[MATERIAL FOR THE TASK]
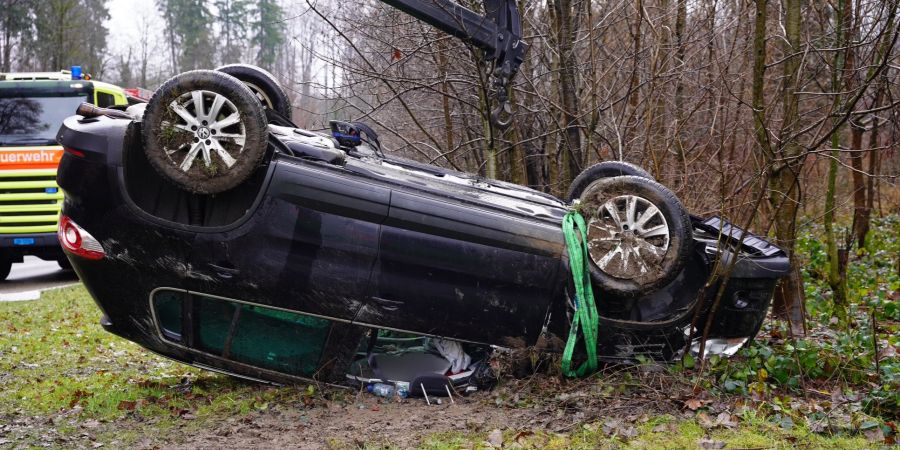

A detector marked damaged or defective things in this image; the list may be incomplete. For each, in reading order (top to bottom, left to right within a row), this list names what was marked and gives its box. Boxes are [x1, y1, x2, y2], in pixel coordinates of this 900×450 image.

exposed car wheel [141, 70, 268, 193]
exposed car wheel [215, 65, 292, 118]
overturned black car [54, 62, 788, 386]
exposed car wheel [568, 161, 652, 201]
exposed car wheel [572, 176, 692, 298]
[/MATERIAL FOR THE TASK]
REQUIRED ACTION: Return the full material word for word. Do not include the pictures.

YOUR RESPONSE:
A detector marked damaged or defective things in this image; the list may be incomplete. For each, in reading order (top to bottom, left to right within a row), this list names what was marked and gives its box. Boxes are [x1, y1, x2, y2], in pixel coordinates of this 900×450 image.

exposed car wheel [141, 70, 268, 193]
exposed car wheel [215, 65, 292, 118]
overturned black car [54, 62, 788, 386]
exposed car wheel [568, 161, 652, 201]
exposed car wheel [572, 176, 692, 298]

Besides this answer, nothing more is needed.